Recorrido 1:Fazenda Pública
Decisão:Negado provimento ao recurso
Aditamento:
Parecer Ministério Publico:
1
Decisão Texto Integral:Acordam, em conferência, os Juízes que compõem a Secção de Contencioso Tributário do Tribunal Central Administrativo Norte:

I. Relatório

J...(Recorrente), com os demais sinais nos autos, não se conformando com a sentença do Tribunal Administrativo e Fiscal de Viseu que julgou verificada a excepção de erro na forma de processo, insusceptível de convolação na forma processual adequada, tendo julgado improcedente a oposição por aquele deduzida à execução fiscal n.º 2658-00/100395.0 que lhe foi instaurada para cobrança de dívidas provenientes de empréstimo concedido ao abrigo do Decreto-Lei n.º 56/77, de 18 de Fevereiro (Crédito Agrícola de Emergência), no valor global de 2.458.640$00 (EUR 12.263,65), dela veio interpor o presente recurso, formulando, a final, as seguintes conclusões:

1ª - Em 13/10/2000 foi formulada a oposição e a pretensa dívida tem mais de 30 anos;

2ª - Assim, a questão que devia ser prévia consiste em apreciar se há ou não prescrição da dívida, uma vez que está em causa a subsistência da instância e é de conhecimento oficioso (artigo 175º do CPPT);

3ª - Esta questão é o fundamento de oposição a que alude a alínea d) do artigo 204º do CPPT, ou seja a prescrição da dívida exequenda, que até é do conhecimento oficioso (artigo 175 do CPPT) e que o Tribunal ao não se pronunciar fez com que se verifique omissão de pronúncia (artigo 668 n.º 1 alínea d. parte inicial do CPC).

4ª - O artigo 2º n.º 1 do Decreto-Lei n.º 398/98, de 17 de Dezembro, diploma que aprova a LGT revogou expressamente o artigo 34º, passando o regime prescricional a ser regido pelos artigos 48º e 49º da LGT, que reduziu o prazo prescricional para oito anos.
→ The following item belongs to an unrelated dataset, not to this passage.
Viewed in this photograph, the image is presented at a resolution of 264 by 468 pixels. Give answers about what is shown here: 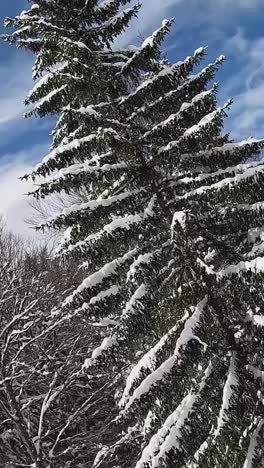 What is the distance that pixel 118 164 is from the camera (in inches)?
311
Este novo regime entrou em vigor em 01/01/1999.

5ª - Assim, decorreram, até hoje mais 8 anos, e o oponente não efectuou o pagamento da pretensa dívida que tem hoje mais de 30 anos.

6ª - Verificada a prescrição da pretensa dívida, deve considerar-se extinta a instância, por inutilidade superveniente da lide (artigo 287º, alínea e) do CPC aplicável por força do artigo 2º, a alínea e) do CPPT).

7ª - Como se refere na petição de oposição e na resposta ao parecer de fls. 93 e ss., a fls. 22, aparece o valor de 1.096,486$10, e depois a fls. 61, aparece o valor de 2.564.299$50, este referente à data de 30/07/98, quando é certo que da certidão de dívida aparece como valor de capital 552.132$60, com juros de 1.906.507$30 e como resultado o valor de 2.458.640$00, referente a 01/07/2000.

8ª - Ou seja, o valor apresentado em 30 de Junho de 1998 acaba por ser superior ao valor apresentado cerca de dois anos depois, o que representa a falsidade do título que é o fundamento de oposição a que alude a alínea c) do artigo 204 do CPPT, com a consequente inexistência e inexigibilidade da pretensa dívida que dele consta;

9ª - E quando não se entenda haver falsidade do título, então com base na alínea i) do artigo 204 do CPPT sempre a oposição pode ser também deduzida com outros fundamentos a provar apenas por documento, como sejam os documentos referidos na 7ª conclusão;

10ª - O valor apresentado em 31 de Julho de 1998 acaba por ser superior ao valor apresentado cerca de dois anos depois, pelo que não pode tal contradição, que está documentada, servir para imputar ao oponente qualquer dívida.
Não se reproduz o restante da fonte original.